INSTRUCTIONS FOR THE TASK: Restate word for word the entries below, starting at the line with "Concurso CRA-MG: Edital" and ending at the line with "Pain Is My Pre". Keep both end lines and omit the pictures.

MATERIAL FOR THE TASK:
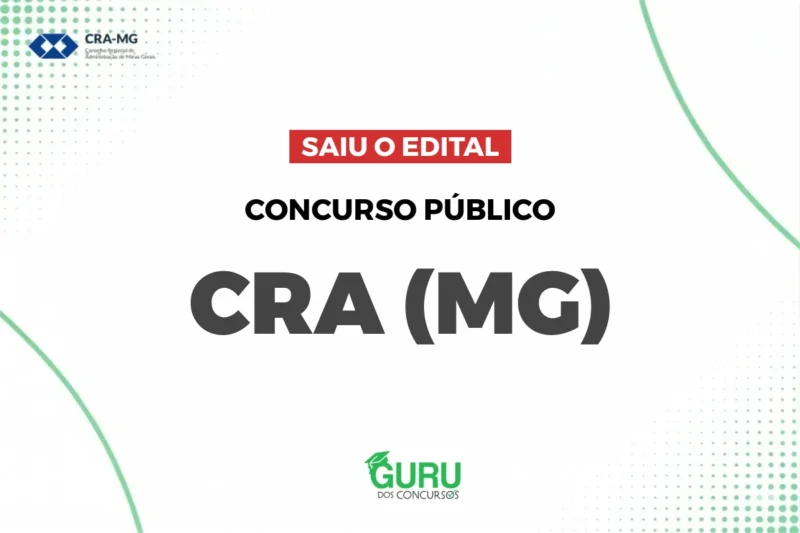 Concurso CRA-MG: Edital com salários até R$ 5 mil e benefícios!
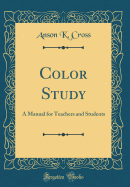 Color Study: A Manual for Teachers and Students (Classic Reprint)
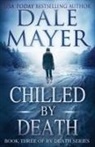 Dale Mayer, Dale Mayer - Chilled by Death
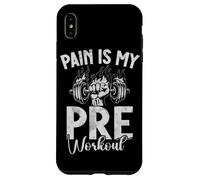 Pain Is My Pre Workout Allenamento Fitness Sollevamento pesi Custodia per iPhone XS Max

...

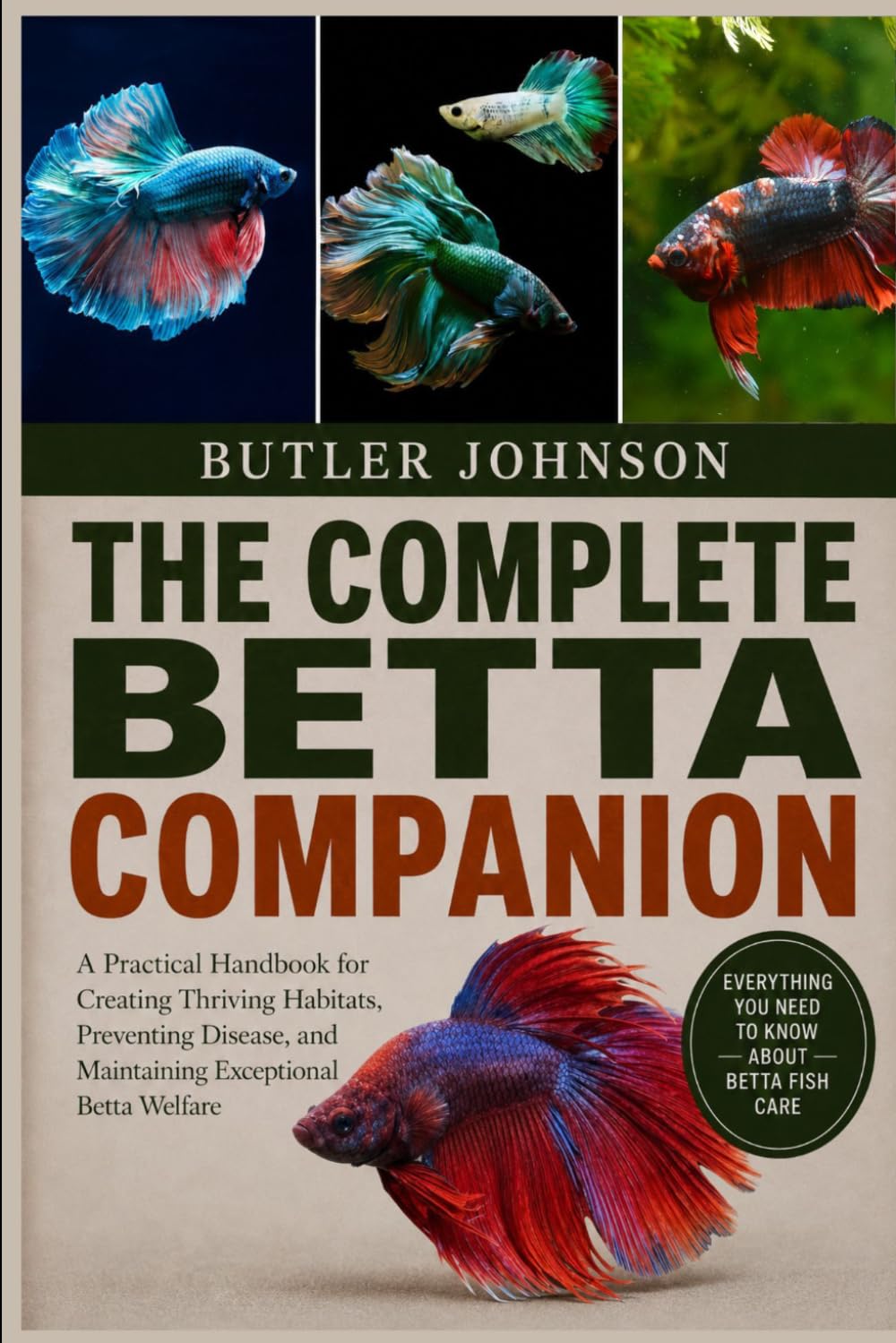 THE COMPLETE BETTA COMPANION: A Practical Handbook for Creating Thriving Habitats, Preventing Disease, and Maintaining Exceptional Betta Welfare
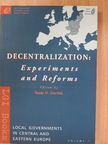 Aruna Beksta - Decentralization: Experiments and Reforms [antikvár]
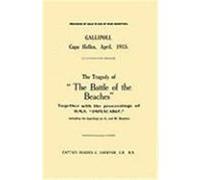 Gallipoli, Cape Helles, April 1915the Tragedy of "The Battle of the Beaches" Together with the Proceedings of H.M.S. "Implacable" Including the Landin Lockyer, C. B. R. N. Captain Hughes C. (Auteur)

...

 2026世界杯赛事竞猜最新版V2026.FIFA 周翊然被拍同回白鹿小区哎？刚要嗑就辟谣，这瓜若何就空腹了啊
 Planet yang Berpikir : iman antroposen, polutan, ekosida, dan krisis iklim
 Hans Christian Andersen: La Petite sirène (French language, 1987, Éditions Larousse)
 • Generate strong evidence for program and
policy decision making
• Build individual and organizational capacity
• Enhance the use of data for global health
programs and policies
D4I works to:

TASK RESULT:
 Concurso CRA-MG: Edital com salários até R$ 5 mil e benefícios!
 Color Study: A Manual for Teachers and Students (Classic Reprint)
 Dale Mayer, Dale Mayer - Chilled by Death
 Pain Is My Pre Workout Allenamento Fitness Sollevamento pesi Custodia per iPhone XS Max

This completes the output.